##### ENTRIES PROVIDED

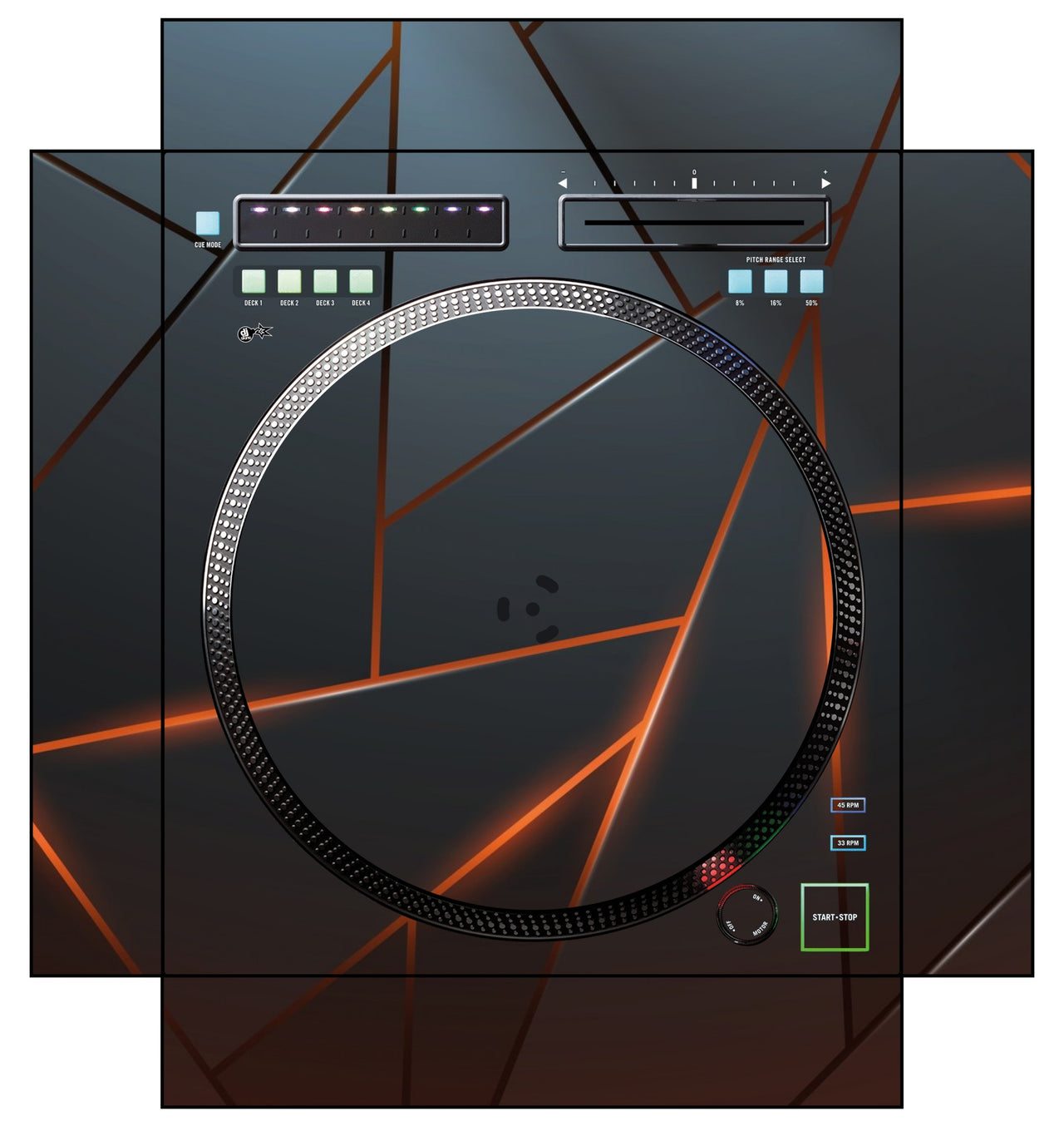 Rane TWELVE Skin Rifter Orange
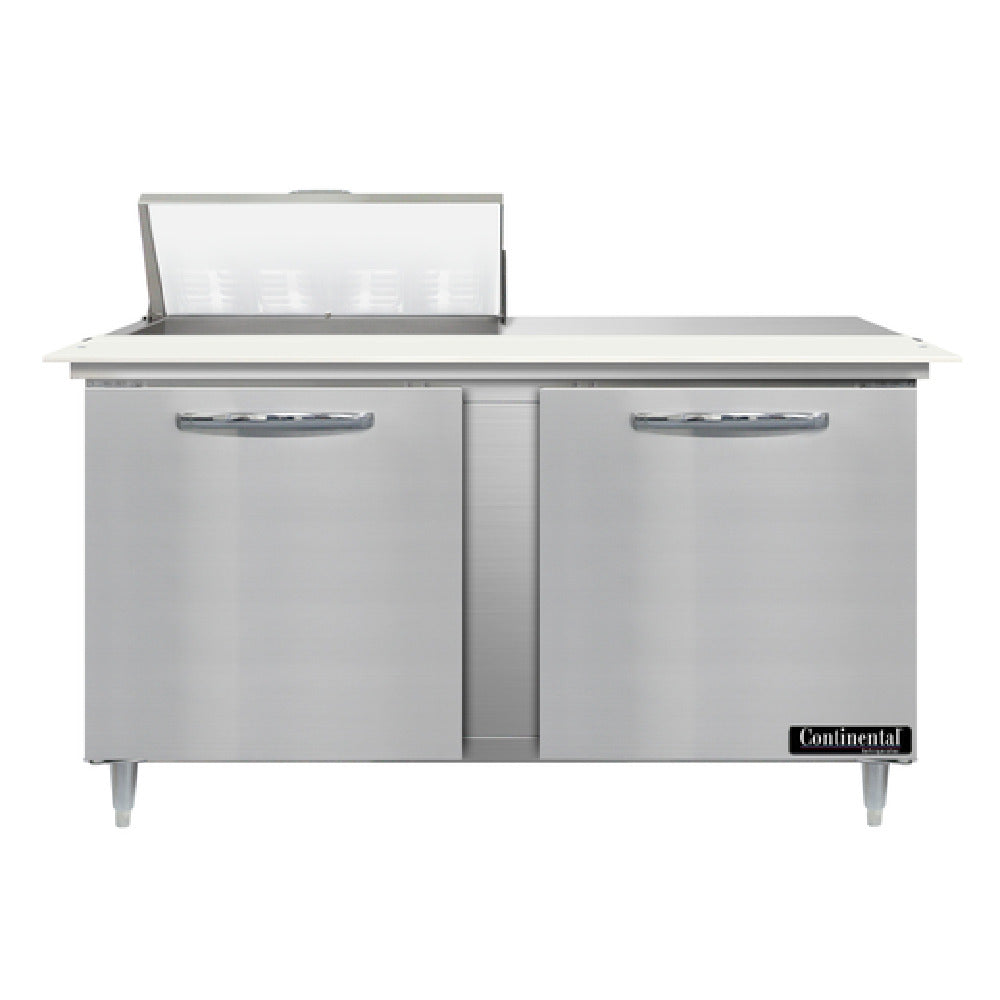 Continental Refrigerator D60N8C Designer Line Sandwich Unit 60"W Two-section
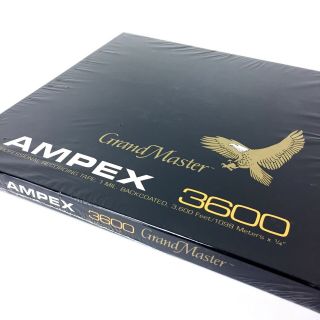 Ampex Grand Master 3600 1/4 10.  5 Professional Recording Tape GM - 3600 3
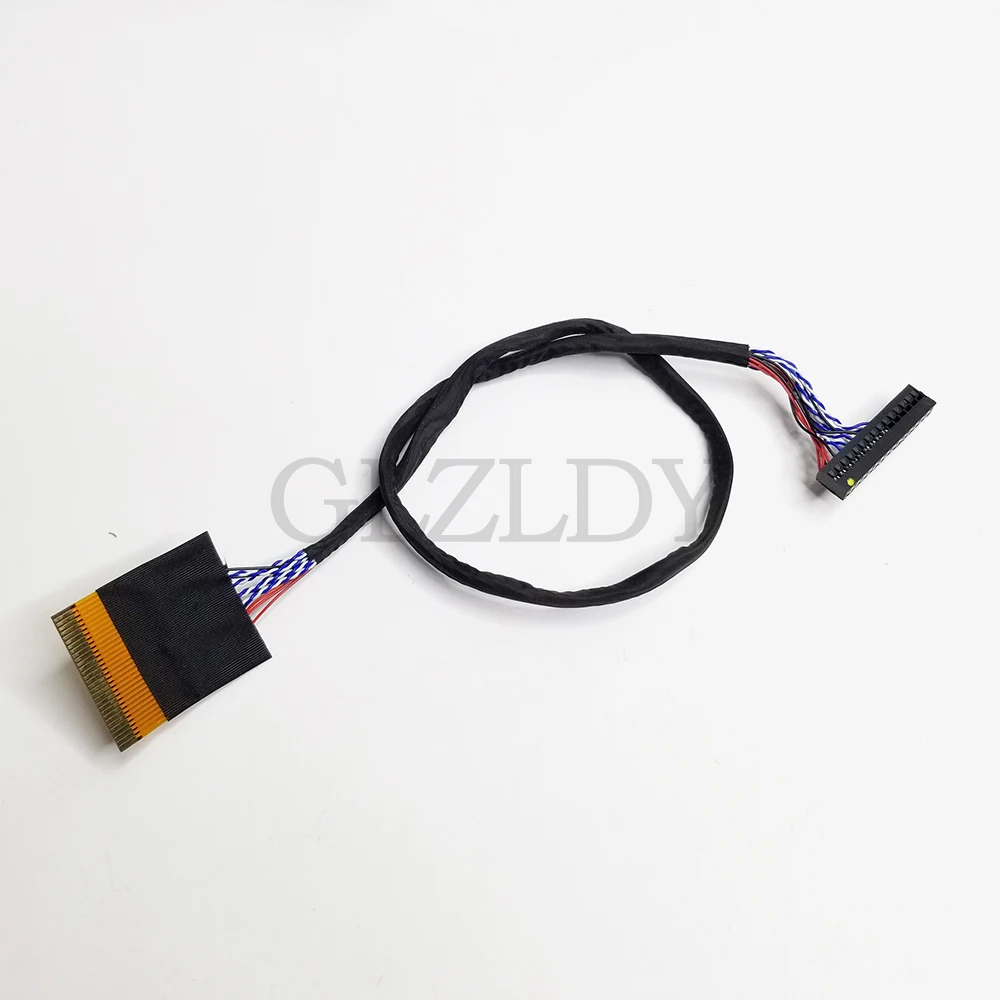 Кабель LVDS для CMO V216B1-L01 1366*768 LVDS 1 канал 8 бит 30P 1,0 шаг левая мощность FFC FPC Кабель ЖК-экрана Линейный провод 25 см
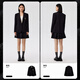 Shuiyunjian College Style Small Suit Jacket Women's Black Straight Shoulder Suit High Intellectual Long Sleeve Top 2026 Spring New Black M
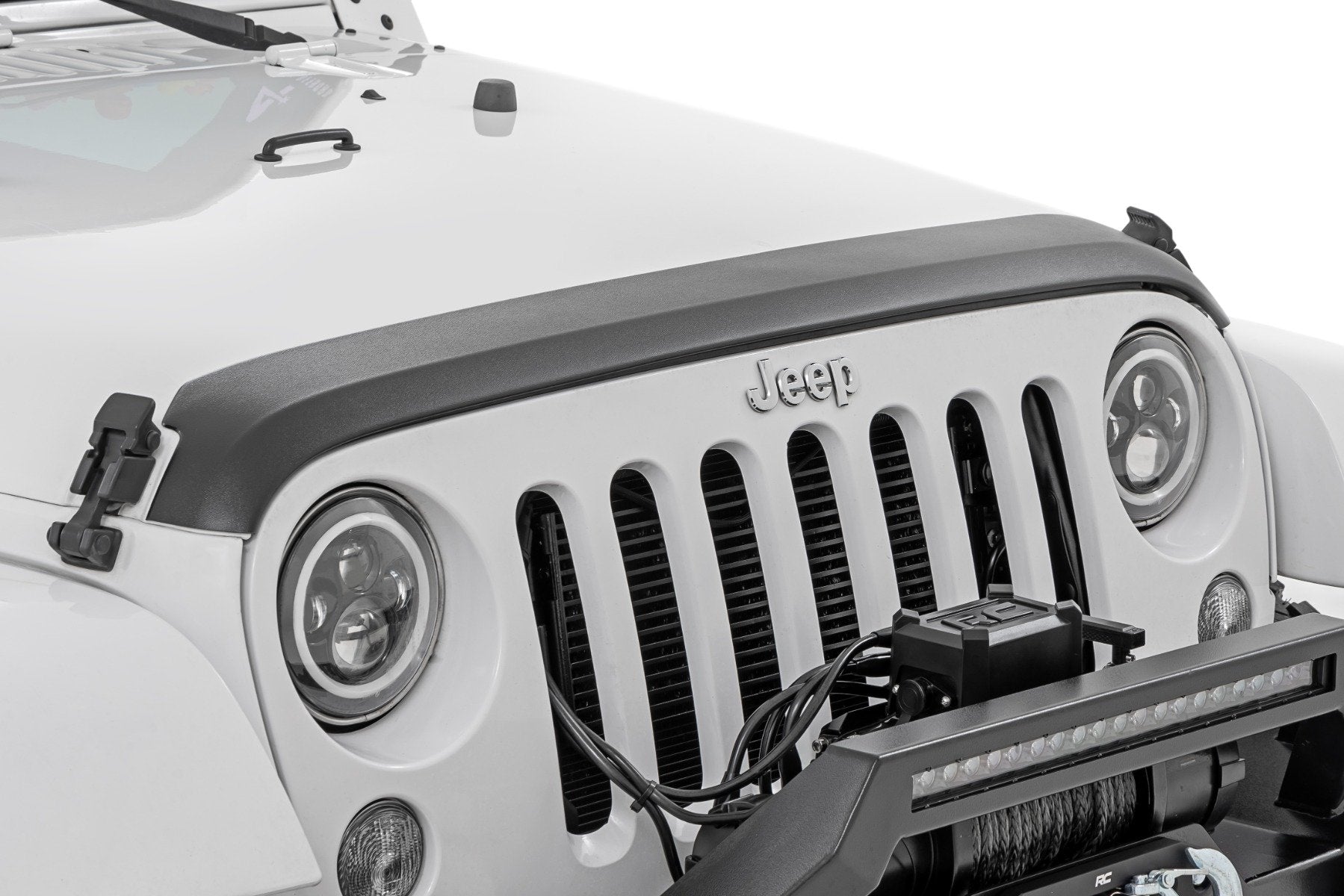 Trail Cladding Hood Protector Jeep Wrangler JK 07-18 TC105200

##########

TASK DETAILS: Please retype the records above exactly, but leave out any pictures.

TASK ANSWER:
 Rane TWELVE Skin Rifter Orange
 Continental Refrigerator D60N8C Designer Line Sandwich Unit 60"W Two-section
 Ampex Grand Master 3600 1/4 10.  5 Professional Recording Tape GM - 3600 3
 Кабель LVDS для CMO V216B1-L01 1366*768 LVDS 1 канал 8 бит 30P 1,0 шаг левая мощность FFC FPC Кабель ЖК-экрана Линейный провод 25 см
 Shuiyunjian College Style Small Suit Jacket Women's Black Straight Shoulder Suit High Intellectual Long Sleeve Top 2026 Spring New Black M
 Trail Cladding Hood Protector Jeep Wrangler JK 07-18 TC105200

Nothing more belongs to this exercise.